L’arrivée de l’assistante sociale Mlle Bianca est filmée comme la descente de police dans « Tirador », la caméra nous intègre, nous absorbe, pour descendre avec elle cette ruelle en pente vertigineuse, escarpée, défoncée, grise et sale, avec son caniveau tranchant comme une lame, ses trente-six sièges posés sans la rue, ses mères de familles trop jeunes avec leurs bébés dans les bras, son échoppe de maïs grillé d’où la tenancière chasse un homme ivre, plaqué par son épouse, à coup de grand plumeau en feuille de palmier. Mlle Bianca, voix de crécelle et petite veste cintrée qui dénote avec la mise des autres femmes du quartier, gronde, donne des conseils, péremptoire, et fait la morale sous couvert de s’extasier devant la mine des enfants, à une presque fillettte « encore enceinte? mais tu vas former une équipe de foot! », à une autre, elle intime de cesser de jouer aux cartes et changer son bébé, etc…
L’assistante sociale finira par emmener Thelma, Yori et John John au rendez-vous avec le couple américain, non sans passer auparavant par l’orphelinat pour présenter à Thelma ses futurs pensionnaires… L’arrivée dans un hôtel de luxe en sortant du bidonville est éloquente : bascule sur le hall luxueux, les ascenseurs, le liftier en tunique de soie mauve, la suite immense des futurs parents adoptifs avec leur condescendance naturelle, hôtes pétris d’une excessive bonne volonté, qui ont font trop et pas assez. Le couple blond et blanc, l’épouse livide vient de se fouler la cheville, a déjà avec eux quantité d’enfants asiatiques déjà adoptés, occidentalisés, gâtés, débordant de biens de consommation, en grappe devant la télé avec des jeux vidéo, la scène choc étant l’incursion de Thelma dans la salle de bains en marbre de deux pièces avec des paniers d’invités débordant de shampoings, de gels douche, de bonnets de bain, un téléphone mural laqué ivoire, des kilos de linge immaculé… La malheureuse Thelma (dont l’assistante sociale ne prenait pas la peine au salon de traduire ses phrases) est trempée par une douche multi-jets qu’elle ne sait pas faire fonctionner.

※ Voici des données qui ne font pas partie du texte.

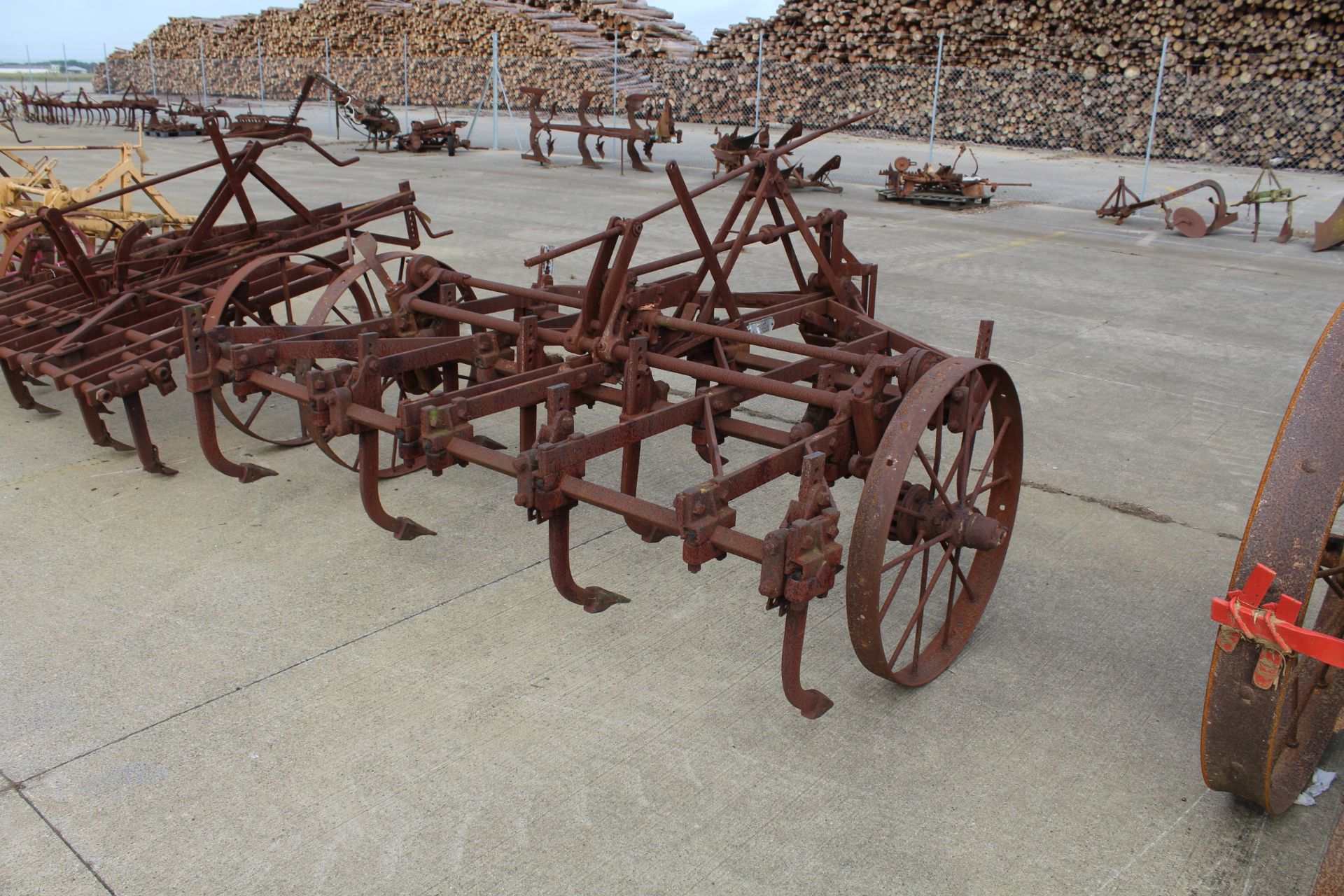 Ransomes C13C heavy trailed cultivator for crawler. - Image 2 of 20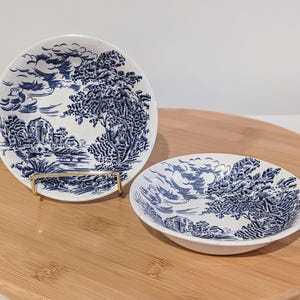 Pair of Vintage Enoch Wedgwood Small Berry Bowls, Blue and White Countryside Pattern, Made in England 5&quot;/MCM 1960s/Blue and White Porcelain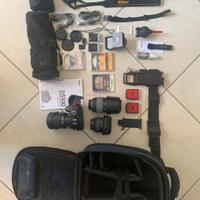 Nikon D5100 + 3 obiettivi e svariati accessori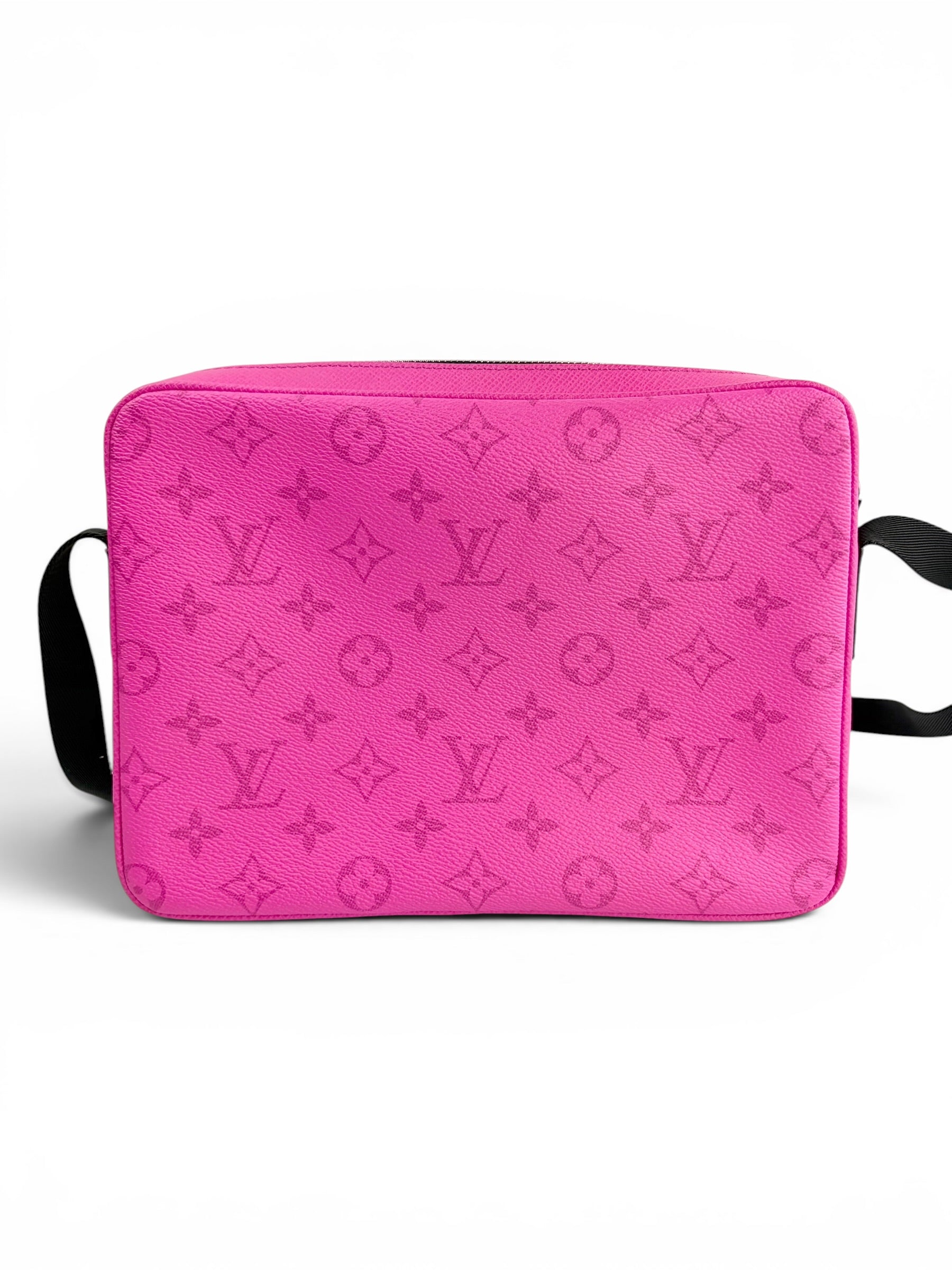 louis-vuitton-pink-monogram-taigarama-crossbody--3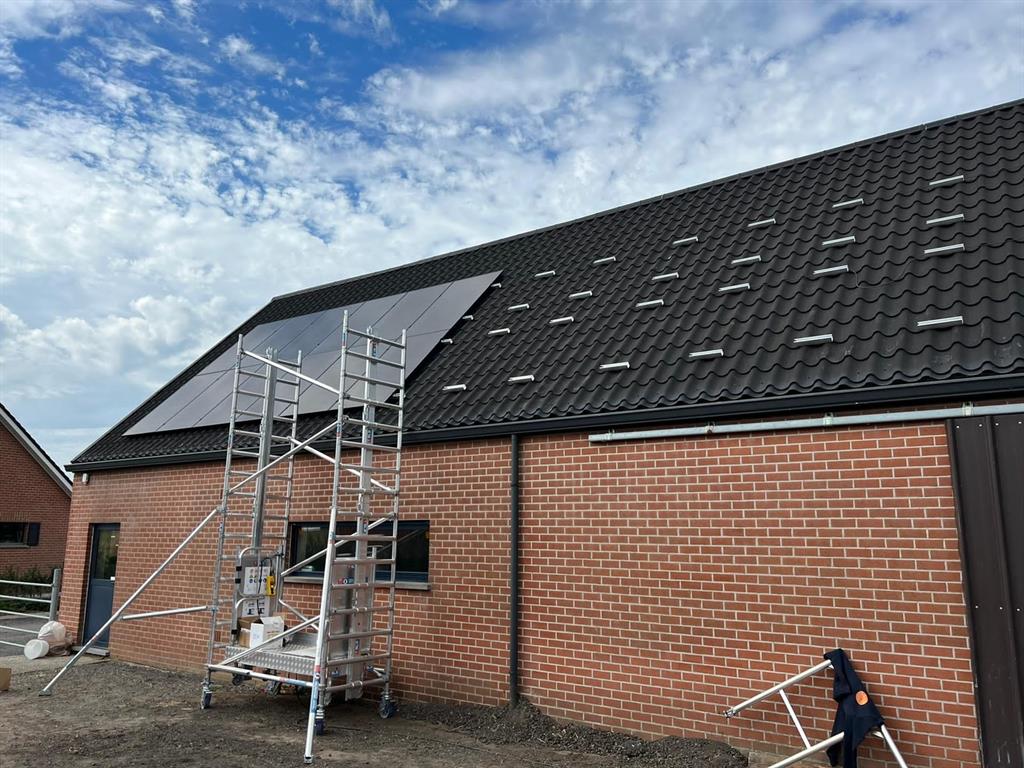 Zonnepanelen controleren vóór het najaar: zo werk je veilig op hoogte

Le récit se passe dans une seule journée où la tension va monter du dernier lever en famille où le père grogne « on avait dit jeudi! » mais justement c’est déjà jeudi le jour du départ de John John… jusqu’à la séparation définitive dévastatrice pour Thelma, la mère adoptive de fait pendant trois années. Dans l’intervalle, on est happé dans ce quartier labyrinthique formé de baraques et de campements à ciel ouvert empilés les uns sur les autres, juxtaposés, collés, comme un chateau de carte bricolé et menaçant de s’effondrer à tout instant, surpleuplé de familles et d’enfants qui jouent partout, grouillant de dix fois plus de résidents que la place existante (avec nos normes occidentales) pour y vivre. Et pourtant, une ambiance pleine de vie s’en dégage, l’énergie des femmes, la débrouillardise, la solidarité, la gentillesse des habitants entre eux, la générosité de ceux qui n’ont rien vous cloue la conscience de la réalité du monde sur votre fauteuil de cinéma à se souvenir des conflits dans un immeuble parisien (où au mieux on s’ignore) pour une poubelle mal rangée…
En échappant miraculeusement à tout misérabilisme, c’est avec beaucoup de tendresse que le réalisateur filme cette population tonique et digne, ne se laissant jamais abattre par une adversité et une précarité qui ne les révolte pas mais avec lesquelles ils n’ont pas d’autre choix que de composer. Pas le temps de s’apitoyer sur son sort, la priorité, c’est de vivre, semble nous dire Brillante MA. Mendosa!